Exercise:
Begin at the line containing "Pitch | Choker" in the data below and go on through the line containing "Used 2017 Chevrolet", repeating each line exactly; include both ends and no other line.

Material provided:
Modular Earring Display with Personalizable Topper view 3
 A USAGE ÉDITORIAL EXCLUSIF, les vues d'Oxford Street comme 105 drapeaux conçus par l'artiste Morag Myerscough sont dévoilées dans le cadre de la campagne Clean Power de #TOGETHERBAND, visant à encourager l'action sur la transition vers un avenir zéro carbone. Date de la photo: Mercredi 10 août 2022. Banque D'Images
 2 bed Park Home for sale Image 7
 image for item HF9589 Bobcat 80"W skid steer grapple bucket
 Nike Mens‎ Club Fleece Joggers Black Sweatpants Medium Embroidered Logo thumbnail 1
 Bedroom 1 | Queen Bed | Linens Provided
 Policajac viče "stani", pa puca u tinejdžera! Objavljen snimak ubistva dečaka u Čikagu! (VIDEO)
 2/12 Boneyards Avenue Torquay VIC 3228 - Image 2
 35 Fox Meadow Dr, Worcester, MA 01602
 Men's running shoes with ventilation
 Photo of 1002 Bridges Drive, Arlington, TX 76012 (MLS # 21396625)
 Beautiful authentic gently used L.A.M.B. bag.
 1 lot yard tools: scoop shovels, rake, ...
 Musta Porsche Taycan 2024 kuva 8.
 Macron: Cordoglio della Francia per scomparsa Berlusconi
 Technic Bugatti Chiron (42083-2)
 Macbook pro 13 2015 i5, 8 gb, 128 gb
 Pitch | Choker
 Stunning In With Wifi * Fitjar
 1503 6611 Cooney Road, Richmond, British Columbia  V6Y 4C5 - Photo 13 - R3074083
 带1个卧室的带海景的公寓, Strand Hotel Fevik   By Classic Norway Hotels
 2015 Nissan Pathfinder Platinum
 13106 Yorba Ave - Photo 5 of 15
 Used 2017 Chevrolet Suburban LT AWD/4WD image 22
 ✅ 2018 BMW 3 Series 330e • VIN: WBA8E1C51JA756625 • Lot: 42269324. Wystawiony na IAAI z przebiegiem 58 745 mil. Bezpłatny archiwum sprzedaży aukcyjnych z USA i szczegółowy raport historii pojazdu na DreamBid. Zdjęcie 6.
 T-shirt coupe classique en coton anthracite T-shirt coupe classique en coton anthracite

Finished task:
 Pitch | Choker
 Stunning In With Wifi * Fitjar
 1503 6611 Cooney Road, Richmond, British Columbia  V6Y 4C5 - Photo 13 - R3074083
 带1个卧室的带海景的公寓, Strand Hotel Fevik   By Classic Norway Hotels
 2015 Nissan Pathfinder Platinum
 13106 Yorba Ave - Photo 5 of 15
 Used 2017 Chevrolet Suburban LT AWD/4WD image 22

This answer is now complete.